Financial information quality is not a binary concept (good vs. bad) but exists on a continuum. Higher quality financial information has greater predictive value for future cash flows, confirms or changes users’ prior expectations, is complete (includes all necessary information), is neutral (unbiased), and is free from material error. Lower quality financial information may be incomplete, biased, inaccurate, delayed, or incomprehensible. For banks, specific dimensions of financial information quality include: (a) loan loss provision accuracy and timeliness, (b) non-performing loan classification, (c) fair value measurement of financial instruments, (d) related-party transaction disclosure, (e) capital adequacy reporting, (f) earnings persistence, and (g) disclosure quality (Dechow, Ge, and Schrand, 2010; Okafor and Udeh, 2021).
The determinants of financial information quality can be classified into firm-level factors (size, age, profitability, leverage, growth, ownership structure, board characteristics, audit quality) and institutional factors (regulatory environment, legal system, enforcement, accounting standards). This study focuses on firm-level factors, specifically firm attributes of listed deposit money banks in Nigeria.
2.2.1 Earnings Management by Banks
Earnings management refers to the deliberate manipulation of reported earnings by management to achieve specific targets (e.g., meeting analysts’ forecasts, maintaining or increasing share price, maximizing management bonuses, avoiding debt covenant violations, reducing regulatory scrutiny). Earnings management can be achieved through accounting choices (e.g., selection of depreciation method, inventory valuation method) or through real activities (e.g., timing of asset sales, reduction of discretionary expenditures). Earnings management reduces the quality of financial information because reported earnings no longer faithfully represent the underlying economic performance of the entity (Healy and Wahlen, 1999; Dechow and Skinner, 2000).
Banks have unique opportunities for earnings management due to the nature of their operations. Key areas of earnings management in banks include:
Loan Loss Provisions (LLPs) : Loan loss provisions are estimates of expected credit losses on the loan portfolio. LLPs are a significant expense for banks and directly affect reported earnings. Management must estimate the probability of default, loss given default, and exposure at default for each loan or loan portfolio. These estimates involve significant judgment and discretion, creating opportunities for earnings management. Banks may under-provision (lower LLPs) to inflate earnings (income-increasing earnings management) or over-provision (higher LLPs) to create “cookie jar” reserves that can be released in future periods (income smoothing).
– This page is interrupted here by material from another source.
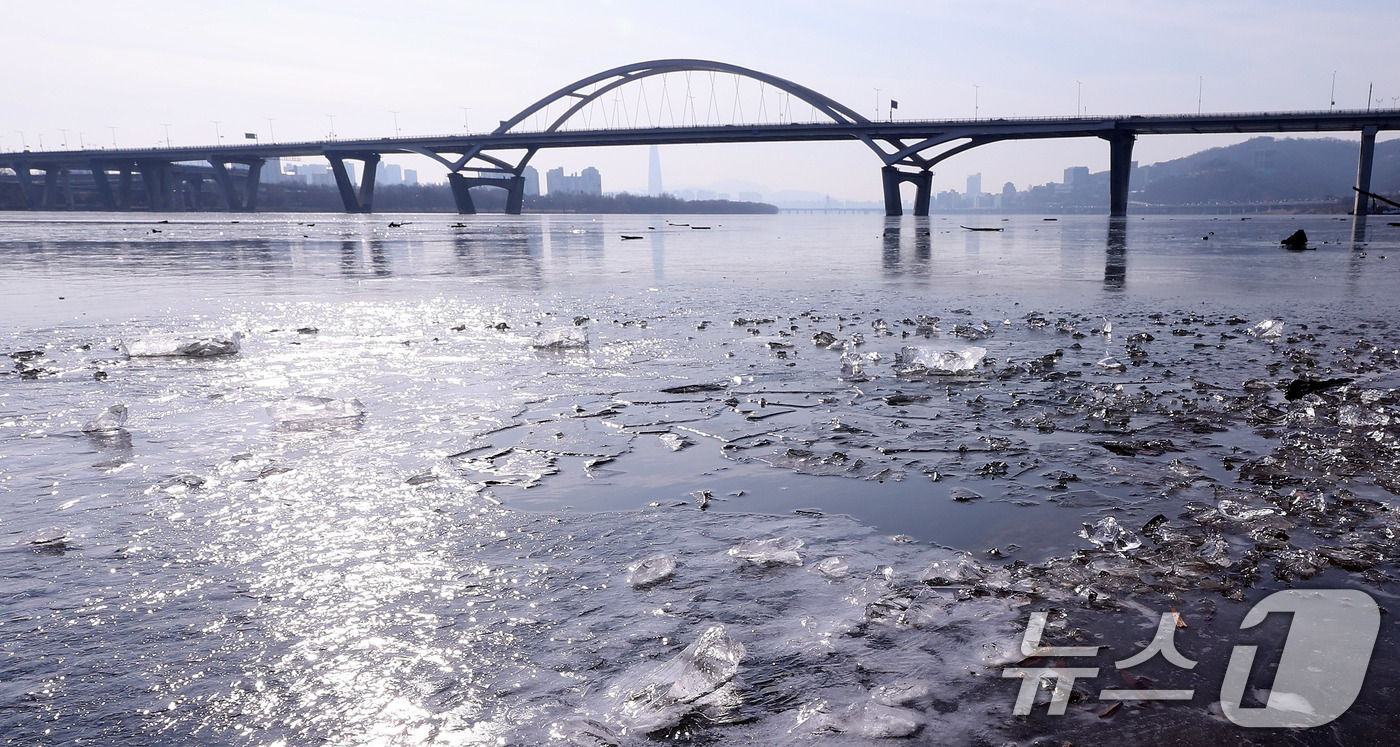 (구리=뉴스1) 박지혜 기자 = 4일 경기 구리시 토평동 구리암사대교 인근 한강이 얼어 있다.기상청은 지난 3일 서울의 일 최저기온이 영하 9.8도를 기록하며 올겨울 처음으로 한강 …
Research has found that banks use LLPs to smooth earnings, manage regulatory capital, and signal private information (Beatty, Ke, and Petroni, 2002; Kanagaretnam, Lobo, and Mathieu, 2003).
Non-Performing Loan (NPL) Classification : Banks classify loans as performing or non-performing based on contractual past due status (e.g., 90 days past due). Management may delay NPL classification to avoid provisioning requirements (which are higher for NPLs) and to avoid regulatory scrutiny. Misclassification of NPLs is a form of earnings management that understates credit losses and overstates earnings (Okafor and Udeh, 2021).
Fair Value Measurement: Under IFRS 9, banks measure certain financial assets and liabilities at fair value. Fair value estimates for Level 2 (observable inputs) and Level 3 (unobservable inputs) involve significant judgment. Management may choose valuation models and assumptions that produce favorable results (e.g., higher asset values, lower liabilities), increasing reported equity and earnings (IFRS Foundation, 2021).
Securitizations and Off-Balance-Sheet Vehicles: Banks may use securitizations, special purpose entities (SPEs), and other off-balance-sheet structures to remove assets from the balance sheet, reduce capital requirements, and manage reported earnings. If the risks and rewards of ownership are not fully transferred, accounting rules require consolidation, but management may structure transactions to avoid consolidation (derecognition) (CBN, 2020).
Real Earnings Management: Banks may engage in real earnings management by (a) reducing loan origination standards to increase loan volume (short-term increase in interest income but higher future credit losses), (b) delaying loan charge-offs, (c) accelerating or deferring asset sales, (d) reducing discretionary expenditures (advertising, training, maintenance), and (e) altering investment portfolios (e.g., selling securities with unrealized gains) (Roychowdhury, 2006).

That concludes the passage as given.